→ **ASSIGNMENT**:
Only the lines from the one containing "speck badu magic filter pump 3D Model" to the end of the listing below are wanted, repeated exactly.

→ **SUPPLIED DATA**:
==================================================
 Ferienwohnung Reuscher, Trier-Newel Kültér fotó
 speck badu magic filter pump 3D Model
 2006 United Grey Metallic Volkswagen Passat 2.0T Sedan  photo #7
==================================================
→ **WRITTEN SOLUTION**:
 speck badu magic filter pump 3D Model
 2006 United Grey Metallic Volkswagen Passat 2.0T Sedan  photo #7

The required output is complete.